I don’t think my son cried more than three times in his life.  Yes, there were times when he  screamed often from either unexplainable pain or frustration.  It was hard to witness his distress, even more so because nobody knew for sure what had caused it and how to help. Very hard.  But there was nothing harder than seeing my son cry. I am not counting his baby cries. He cried like babies do.  There was nothing special about those cries and I don’t remember them at all. I remember those three times he cried after he turned 2,

1. Robert cried the night after he had gotten lost in Boston Commons.  ( Don’t Blink) It was only an hour or less, but for his sister, his dad, and for me, it lasted for eternity.  He did not show any signs of distress when he was found  close to the huge playground he remembered from previous visits.  He walked with me trying  to skip and to wiggle out of my hold.  He seemed happy although, he did not appreciate his movements being restricted. It seemed that the whole experience did not have any effect on him.  But that night,  his cry woke us up.  It was a cry of a lost , abandoned, scared soul.

2. He cried another night, just a few years ago.  He shed the same kind of tears of being scared and abandoned.  Maybe he had a nightmare.  Maybe he experienced something during the day, he was not able to share.  Maybe he missed his father who after loosing  job in Massachusetts, worked in California.  Maybe he missed his sister who was studying in Oregon.
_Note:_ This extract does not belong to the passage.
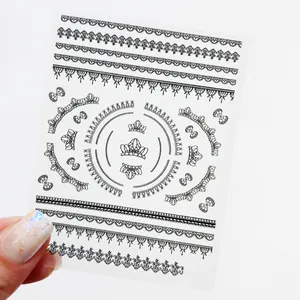5D embossed black lace nail art stickers with circular crown patterns and 3D floral textures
I did not know.  I still don’t know.  I just held him in my arms until he stopped and  fell asleep.

3.My son’s most excruciating cry was of my doing.  He was twelve years old.  My husband and my daughter went on a two-week long  trip to Mexico.  I don’t remember exactly what had happened that in ther end resulted in my son’s uncontrollable sobbing.  I know  that his crying was preceded by some  OCD behaviors.  I remember  that two different parts of the house needed my immediate attention as there was a leak from the toilet and a broken glass somewhere.  I know that Robert tried to fix everything in his own way which scared me even more.  I remember him going to the garage and getting a plunger.  I  know that I had a feeling of immediate danger.  I was running from one end of the house to another attempting to prevent something.  I don’t remember what it was, but I was exasperated.

And I showed it.

I am not trying to excuse the rumbling which followed by telling that I was exasperated.  I think there is hardly anything worse than showing a child – typical or with special needs – that you are exasperated with him or her.  Nothing worse.  But I was exasperated and I showed it to Robert.

I started rumbling like an angry victim or a prosecutor accusing a criminal. I was like a psychologist coldly diagnosing someone as a psychopath, and thus being beyond redemption.  I was not even  loud but I showed my exasperation in the worst way.   And that was when Robert began to weep.
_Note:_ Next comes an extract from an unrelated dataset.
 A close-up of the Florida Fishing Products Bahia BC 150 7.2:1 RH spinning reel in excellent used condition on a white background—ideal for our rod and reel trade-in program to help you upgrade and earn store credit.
It was as  if the dam was  suddenly broken and the tears gushed not just from his eyes but straight from his heart.  As if all the emotions, he could not express for the first 11 years of his life, suddenly became unbearable. and broke through iron and concrete fortifications.   He was crying as if he was telling me, “I don’t know how I should live.  I don’t know how to move.  I don’t know where to go.  I don’t know what is my place in this world.  I don’t know who I am. ”
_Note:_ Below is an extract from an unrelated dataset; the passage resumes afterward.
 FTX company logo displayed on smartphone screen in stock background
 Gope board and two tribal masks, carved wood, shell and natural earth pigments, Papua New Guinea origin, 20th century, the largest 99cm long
Even now, 10 years later, I still cannot get over that cry.

I am not always sweet mother to him.  I am not afraid to say, “No” to Robert, refuse him something.  I do tell him that I am angry when I am angry and I tell him why.  He is, more or less, tolerating that.  Sometimes, he negotiates his own way, sometimes he accepts my decisions.  Sometimes, by making groaning sounds he shows me that he is angry too. Sometimes I am still exasperated.  But when that happens, I either avoid showing my feelings to Robert, or I tell him precisely  which of his actions made me angry.

I don’t  ever show my EXASPERATION WITH Robert.  Mainly, because I am never exasperated by him. I carry his cry with me all the time.  I understand that everything Robert does, no matter how it looks to those who don’t know him, comes  from his understanding how the world works and his efforts to fit in.  That might be a wrong understanding and it might cause some problems but it is never, never  malicious.